Records to use Start Marker

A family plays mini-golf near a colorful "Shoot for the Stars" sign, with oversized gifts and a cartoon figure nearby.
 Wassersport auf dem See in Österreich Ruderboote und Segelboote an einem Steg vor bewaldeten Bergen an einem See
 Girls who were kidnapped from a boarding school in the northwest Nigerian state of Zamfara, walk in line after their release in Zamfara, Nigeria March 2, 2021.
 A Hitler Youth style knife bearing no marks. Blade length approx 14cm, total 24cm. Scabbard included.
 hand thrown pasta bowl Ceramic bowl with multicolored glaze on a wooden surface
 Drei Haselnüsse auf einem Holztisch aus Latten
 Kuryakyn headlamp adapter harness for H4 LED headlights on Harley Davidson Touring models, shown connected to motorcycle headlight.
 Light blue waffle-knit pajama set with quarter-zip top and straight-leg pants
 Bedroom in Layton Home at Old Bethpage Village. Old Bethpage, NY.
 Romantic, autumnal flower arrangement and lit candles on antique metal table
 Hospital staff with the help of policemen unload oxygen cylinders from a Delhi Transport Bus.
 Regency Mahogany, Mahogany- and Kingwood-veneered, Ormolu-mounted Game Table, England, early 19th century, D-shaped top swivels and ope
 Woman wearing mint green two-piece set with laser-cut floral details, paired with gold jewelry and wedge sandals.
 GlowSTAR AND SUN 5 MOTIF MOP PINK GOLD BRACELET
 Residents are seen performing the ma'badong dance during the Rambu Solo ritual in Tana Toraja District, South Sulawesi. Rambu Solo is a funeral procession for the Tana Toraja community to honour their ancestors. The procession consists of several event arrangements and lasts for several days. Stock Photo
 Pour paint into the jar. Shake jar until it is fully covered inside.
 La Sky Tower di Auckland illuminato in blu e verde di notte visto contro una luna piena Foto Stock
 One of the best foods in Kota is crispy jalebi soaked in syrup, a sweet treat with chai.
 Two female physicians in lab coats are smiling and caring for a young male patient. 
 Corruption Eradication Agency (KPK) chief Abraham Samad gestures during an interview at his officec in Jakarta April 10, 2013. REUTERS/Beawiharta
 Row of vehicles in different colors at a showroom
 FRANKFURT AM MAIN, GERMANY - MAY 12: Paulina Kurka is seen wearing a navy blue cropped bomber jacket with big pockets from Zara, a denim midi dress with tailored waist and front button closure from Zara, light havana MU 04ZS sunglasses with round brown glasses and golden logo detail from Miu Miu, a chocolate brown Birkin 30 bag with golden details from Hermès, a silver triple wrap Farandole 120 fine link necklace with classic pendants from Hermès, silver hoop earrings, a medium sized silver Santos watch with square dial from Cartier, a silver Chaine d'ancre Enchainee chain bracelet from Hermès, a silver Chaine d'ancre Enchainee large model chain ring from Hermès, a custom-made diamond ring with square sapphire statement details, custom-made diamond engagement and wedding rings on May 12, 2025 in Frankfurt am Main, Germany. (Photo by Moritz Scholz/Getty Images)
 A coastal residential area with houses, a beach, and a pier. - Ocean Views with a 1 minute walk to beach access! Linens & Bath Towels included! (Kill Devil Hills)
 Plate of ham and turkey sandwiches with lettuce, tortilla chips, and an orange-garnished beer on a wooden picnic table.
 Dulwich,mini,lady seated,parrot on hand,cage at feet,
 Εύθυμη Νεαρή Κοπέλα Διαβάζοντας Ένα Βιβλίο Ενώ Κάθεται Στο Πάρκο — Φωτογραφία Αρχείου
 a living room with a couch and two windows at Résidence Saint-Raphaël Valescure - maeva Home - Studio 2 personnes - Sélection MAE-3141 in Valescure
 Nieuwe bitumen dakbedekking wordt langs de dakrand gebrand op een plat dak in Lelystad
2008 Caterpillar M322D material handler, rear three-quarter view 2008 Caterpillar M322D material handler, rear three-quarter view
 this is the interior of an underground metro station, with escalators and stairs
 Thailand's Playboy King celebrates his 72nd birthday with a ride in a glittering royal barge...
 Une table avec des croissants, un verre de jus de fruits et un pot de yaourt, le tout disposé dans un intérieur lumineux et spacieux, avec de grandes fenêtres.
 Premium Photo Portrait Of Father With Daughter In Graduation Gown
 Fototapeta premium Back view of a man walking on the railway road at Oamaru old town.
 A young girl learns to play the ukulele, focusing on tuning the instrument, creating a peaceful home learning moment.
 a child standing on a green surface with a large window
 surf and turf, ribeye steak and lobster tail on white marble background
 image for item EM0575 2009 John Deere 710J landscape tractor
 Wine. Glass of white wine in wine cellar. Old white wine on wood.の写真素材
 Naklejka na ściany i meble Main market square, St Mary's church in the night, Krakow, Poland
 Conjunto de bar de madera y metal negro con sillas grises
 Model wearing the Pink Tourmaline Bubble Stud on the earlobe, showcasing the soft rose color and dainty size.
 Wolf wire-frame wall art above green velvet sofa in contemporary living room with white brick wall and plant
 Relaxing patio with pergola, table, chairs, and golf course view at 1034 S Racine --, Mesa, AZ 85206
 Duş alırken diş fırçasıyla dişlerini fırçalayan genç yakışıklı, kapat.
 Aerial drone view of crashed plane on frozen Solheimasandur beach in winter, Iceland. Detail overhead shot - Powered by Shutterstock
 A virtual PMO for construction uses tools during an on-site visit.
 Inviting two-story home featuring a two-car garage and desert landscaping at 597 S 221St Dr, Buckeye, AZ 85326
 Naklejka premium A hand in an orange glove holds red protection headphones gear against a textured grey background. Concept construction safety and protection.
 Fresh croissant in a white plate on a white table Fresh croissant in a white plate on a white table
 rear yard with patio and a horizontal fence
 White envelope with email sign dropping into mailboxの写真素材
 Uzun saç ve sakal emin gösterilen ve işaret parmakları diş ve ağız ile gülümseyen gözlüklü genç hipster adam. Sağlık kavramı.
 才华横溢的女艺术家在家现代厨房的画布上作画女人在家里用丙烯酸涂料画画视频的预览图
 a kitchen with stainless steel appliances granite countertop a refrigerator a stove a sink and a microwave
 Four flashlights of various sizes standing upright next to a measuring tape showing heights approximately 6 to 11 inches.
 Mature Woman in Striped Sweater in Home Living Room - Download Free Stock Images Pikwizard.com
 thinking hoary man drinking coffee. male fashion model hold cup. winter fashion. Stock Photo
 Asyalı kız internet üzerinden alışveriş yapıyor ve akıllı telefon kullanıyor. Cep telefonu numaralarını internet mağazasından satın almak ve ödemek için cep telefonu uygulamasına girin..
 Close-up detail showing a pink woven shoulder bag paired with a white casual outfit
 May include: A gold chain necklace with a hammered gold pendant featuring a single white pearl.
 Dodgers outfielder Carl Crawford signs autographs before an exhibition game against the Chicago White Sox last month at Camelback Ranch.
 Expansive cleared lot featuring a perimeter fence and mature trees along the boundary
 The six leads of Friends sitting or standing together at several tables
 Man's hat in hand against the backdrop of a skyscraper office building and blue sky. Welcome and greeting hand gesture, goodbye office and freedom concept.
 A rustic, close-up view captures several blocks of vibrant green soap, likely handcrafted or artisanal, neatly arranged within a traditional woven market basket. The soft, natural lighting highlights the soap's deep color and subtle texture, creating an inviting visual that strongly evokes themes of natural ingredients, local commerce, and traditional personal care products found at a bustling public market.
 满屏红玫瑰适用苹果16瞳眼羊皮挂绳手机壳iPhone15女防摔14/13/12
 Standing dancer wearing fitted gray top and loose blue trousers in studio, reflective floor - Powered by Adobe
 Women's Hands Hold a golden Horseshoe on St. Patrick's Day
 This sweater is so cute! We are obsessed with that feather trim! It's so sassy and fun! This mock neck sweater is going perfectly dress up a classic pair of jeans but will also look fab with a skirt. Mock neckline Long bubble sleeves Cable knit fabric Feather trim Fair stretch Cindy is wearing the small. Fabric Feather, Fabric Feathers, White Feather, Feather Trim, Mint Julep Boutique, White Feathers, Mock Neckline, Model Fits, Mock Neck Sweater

Records to use End Marker

Exercise directions
Read the data above and pull out each line that holds the string "paired".

Result of this task
 Woman wearing mint green two-piece set with laser-cut floral details, paired with gold jewelry and wedge sandals.
 Close-up detail showing a pink woven shoulder bag paired with a white casual outfit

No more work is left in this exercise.